CODART, Dutch and Flemish art in museums worldwide

Drawings for Paintings in the Age of Rembrandt

Exhibition: 4 October 2016 - 2 January 2017

Information from NGA’s newsletter, 20 October 2015

Dutch landscapes, still lifes, and scenes of daily life painted in the 17th century possess a remarkable immediacy and authenticity, giving the impression that Dutch artists painted them from life. However, these subjects—as well as biblical and mythological subjects—were actually painted in studios, often using drawings as points of departure. Some 100 drawings and paintings by such renowned golden age artists as Jan van Goyen and Rembrandt van Rijn will reveal the many ways Dutch artists used preliminary drawings in the painting process. The exhibition will include sketchbooks, broad compositional drawings, individual figural motifs, counterproofs, and carefully ruled construction drawings. It will also examine the drawings artists made on their panel and canvas supports before painting their scenes.

Exhibition Highlights

Drawing formed the basis of rigorous studio training for aspiring painters. Young artists started by copying prints and drawings, then paintings and sculptures; before progressing to making studies after live models and from nature. After this training, artists continued to draw throughout their careers and often used these drawings as guides for their painted compositions. Dutch drawings of the 17th century range from careful life studies to images drawn from the imagination, such as those based on stories from the Bible or mythology. For example, Jan van Kessel traveled through the Netherlands to record his impressions of the landscape in a sketchbook; Rembrandt made figure studies to resolve specific poses or groupings in his biblical paintings; and Saenredam made ruled construction drawings that he carefully transferred to panel before painting his soaring church interiors.

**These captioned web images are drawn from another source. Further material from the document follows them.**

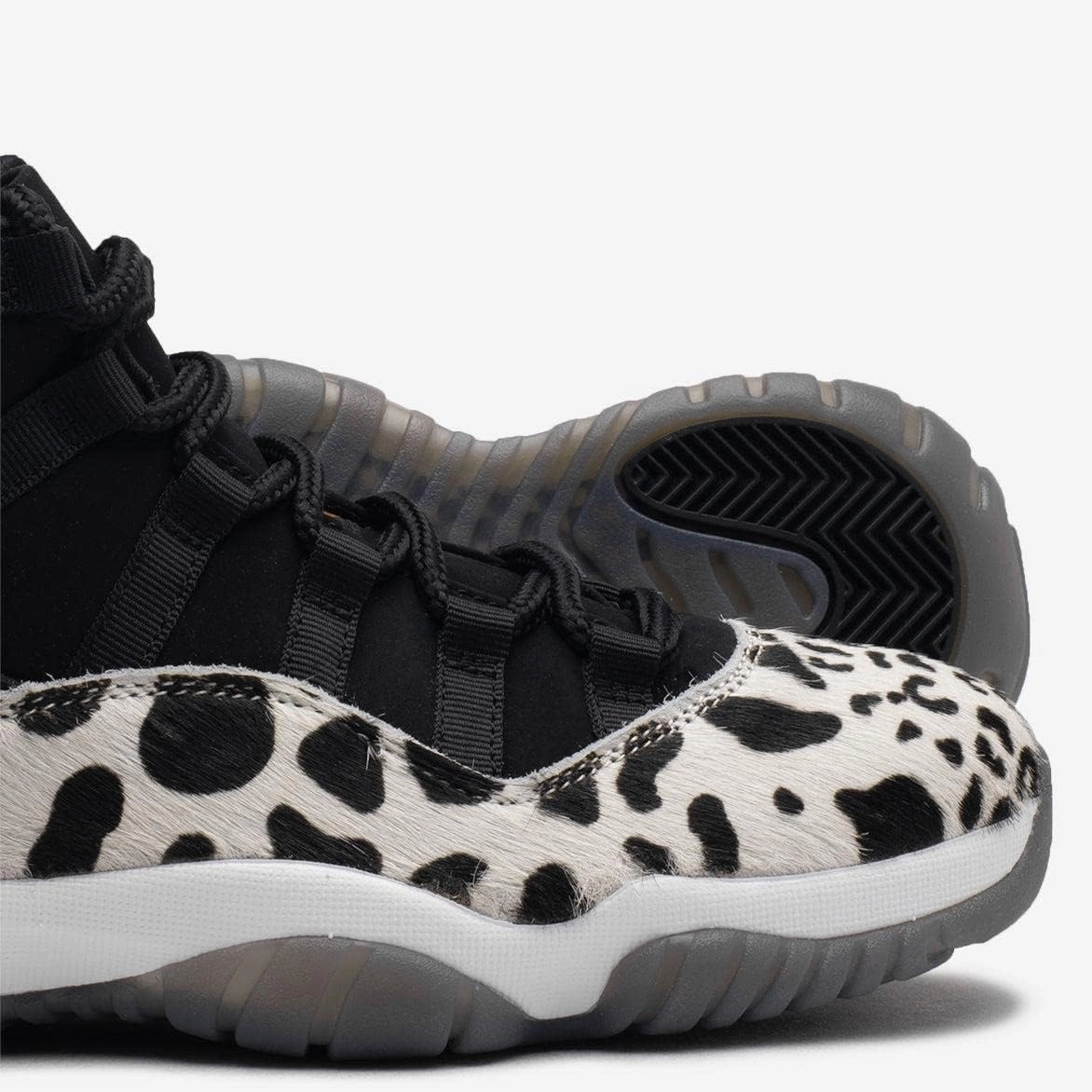 Women's Jordan 11 Retro Midnight Navy Midnight Navy/MTLC Silver (AR0715 441)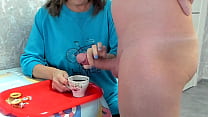 La nonna MILF beve caffè con sperma tabù, grosso cazzo carico enorme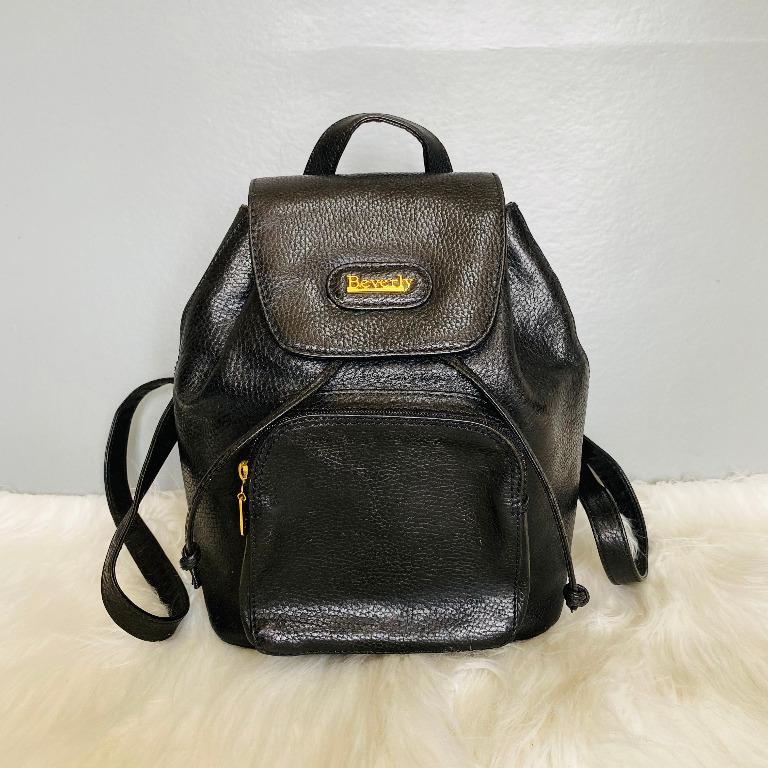 Beverly of Ireland Black Vintage Leather Backpack Women s Fashion Bags Wallets Backpacks on Carousell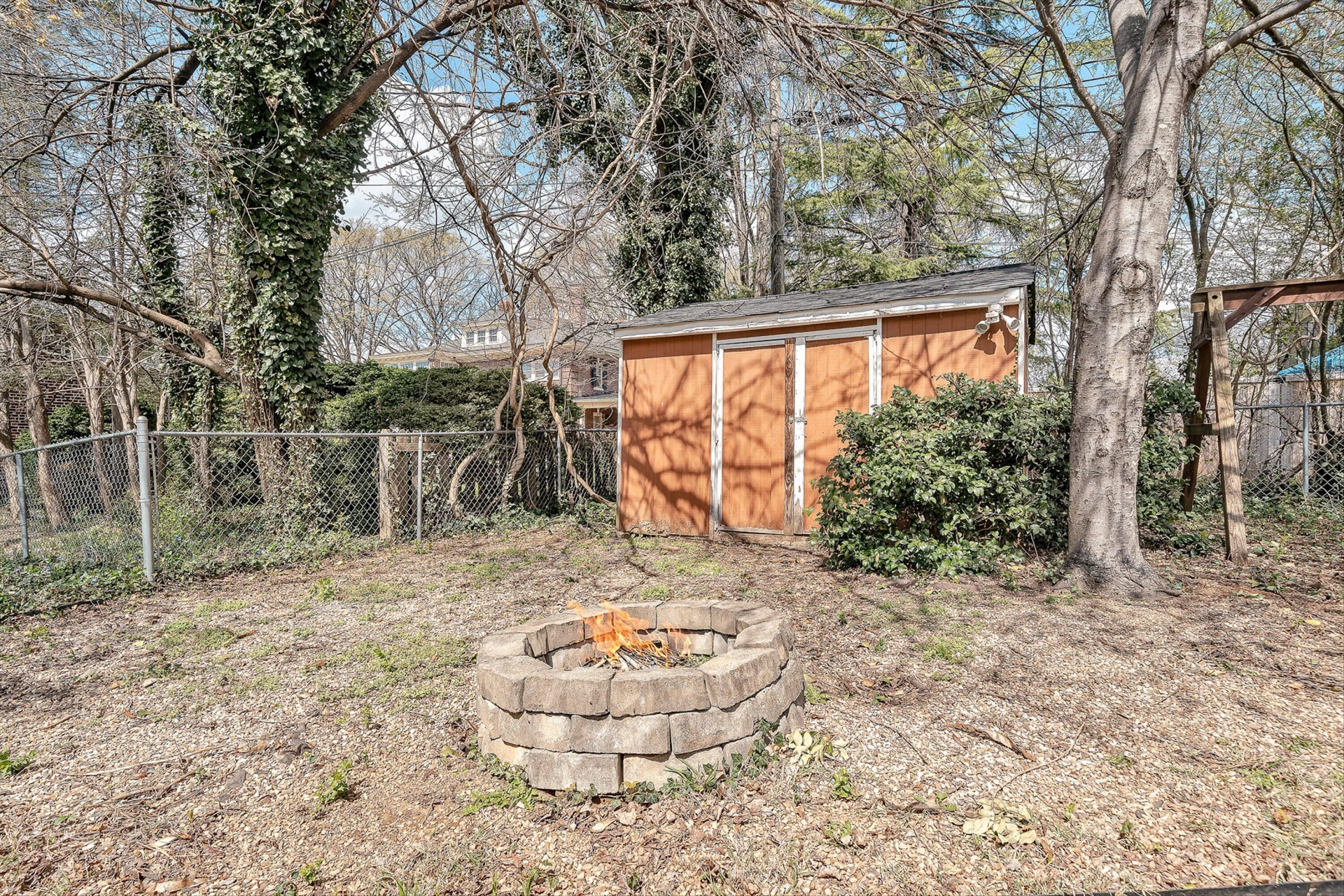 2405 Windsor AVE - Photo 34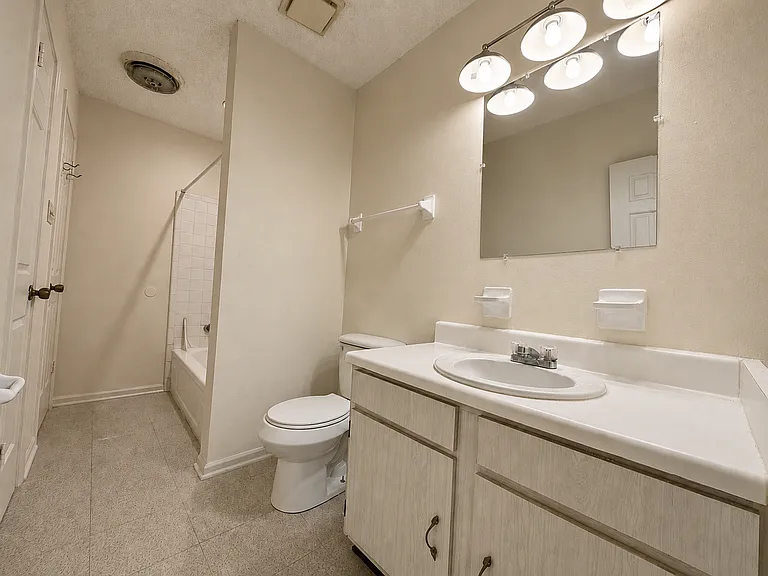 5987 Tullis Dr — Photo 11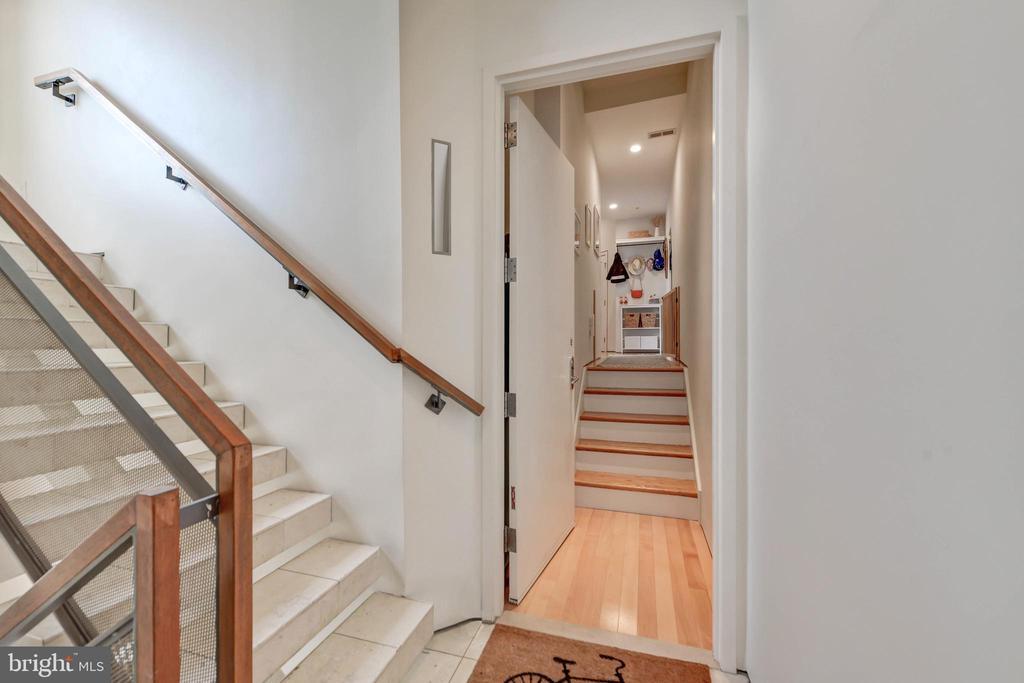 Primary Photo - 1213 N St NW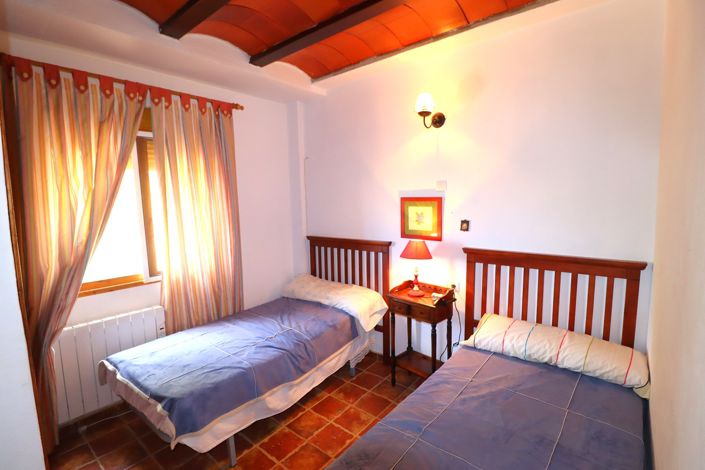 Image No.35-4 Bed Villa for sale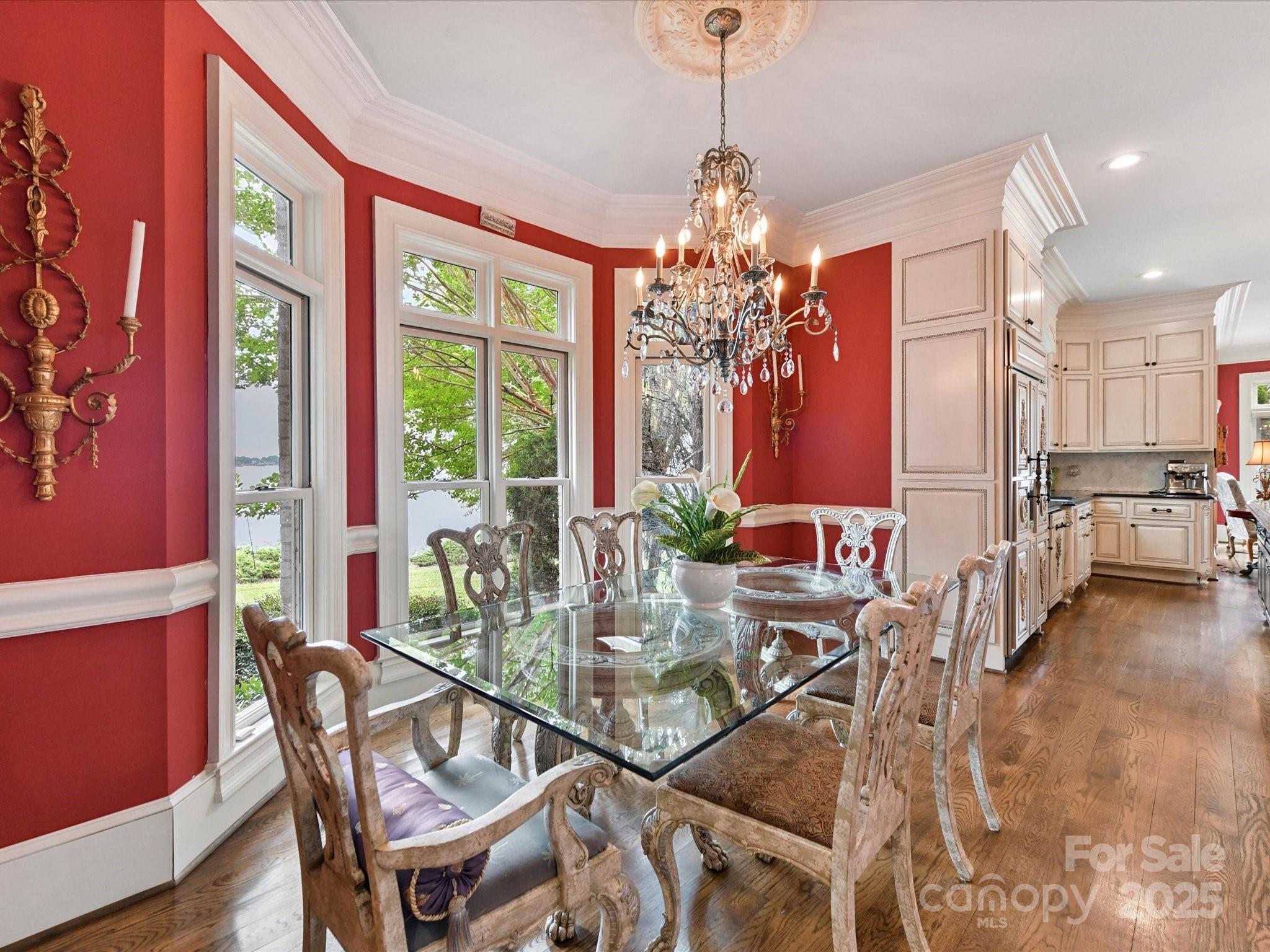 The Peninsula - Residential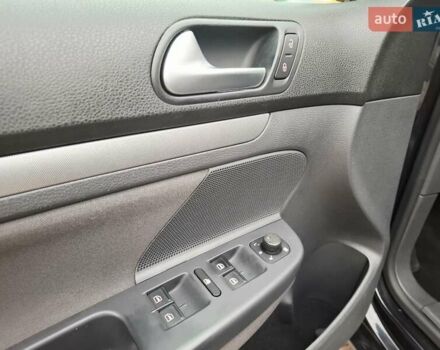 Черный Фольксваген Гольф, объемом двигателя 1.4 л и пробегом 223 тыс. км за 7350 $, фото 44 на Automoto.ua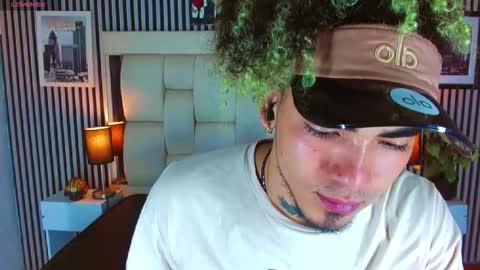 Lihan online show from December 2025 01:27:01 PM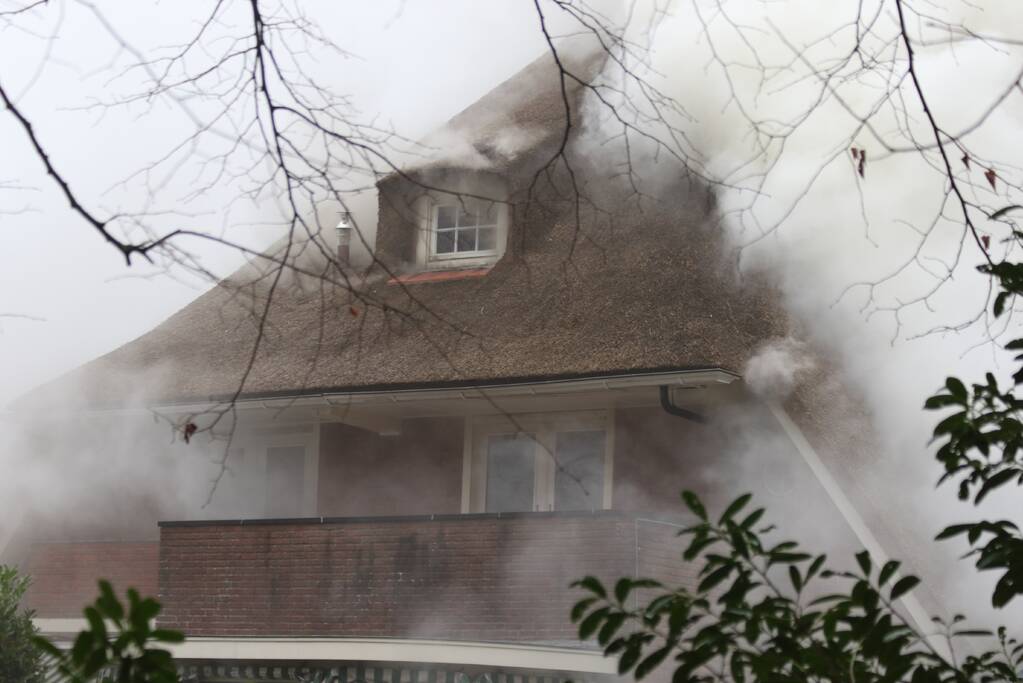 Grote brand in woonhuis met rieten kap
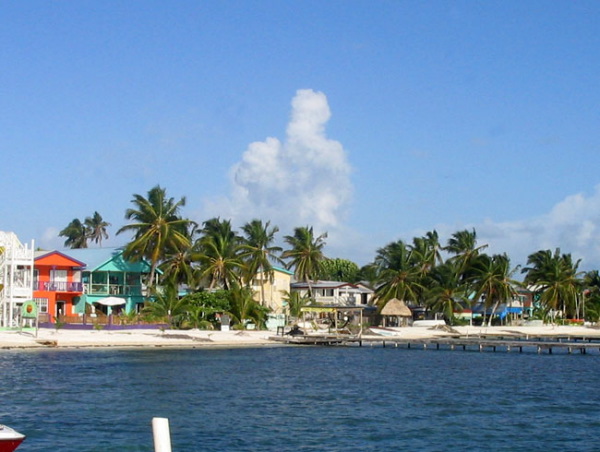 That's what you call an angry Cumulus (giving the upward middle finger gesture!). Spotted over The Netherlands. � Laurette Saris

The drawings in the exhibition also reflect the range of materials artists used—pen and ink to quickly capture an idea or delineate a detail; chalk to model figures with tone, light, and shade; and watercolor to convey color. Counterproofs, made by pressing a moist paper onto a chalk drawing to obtain its reverse image, provided artists such as Gerrit Berckheyde with a greater variety of pictorial elements for painted compositions.

Several works in the exhibition will be on view in the United States for the first time, including Saenredam’s drawing of the Choir and High Altar of Sint-Janskerk at s-Hertogenbosch (1632) on loan from the British Museum, a preliminary study that the artist later used to create his oil on panel Cathedral of Saint John at s-Hertogenbosch (1646) from the National Gallery of Art. Two of nine surviving sketchbooks by 17th-century Dutch draftsmen are included in this exhibition. Jan van Kessel’s sketchbook will be displayed next to a touch-screen monitor with a digitized selection of its drawings.

Curator and Catalog

The exhibition and catalog are the result of a close collaboration among Peter Schatborn, former head of the Rijksprentenkabinet, Amsterdam, who proposed the concept; Ger Luijten, director of the Fondation Custodia, Collection Frits Lugt, Paris; and Arthur K. Wheelock, Jr., curator of northern baroque paintings at the National Gallery of Art, Washington.

A fully illustrated catalog features scholarly essays by the curators as well as entries by a team of international scholars on the artists and works included in the exhibition.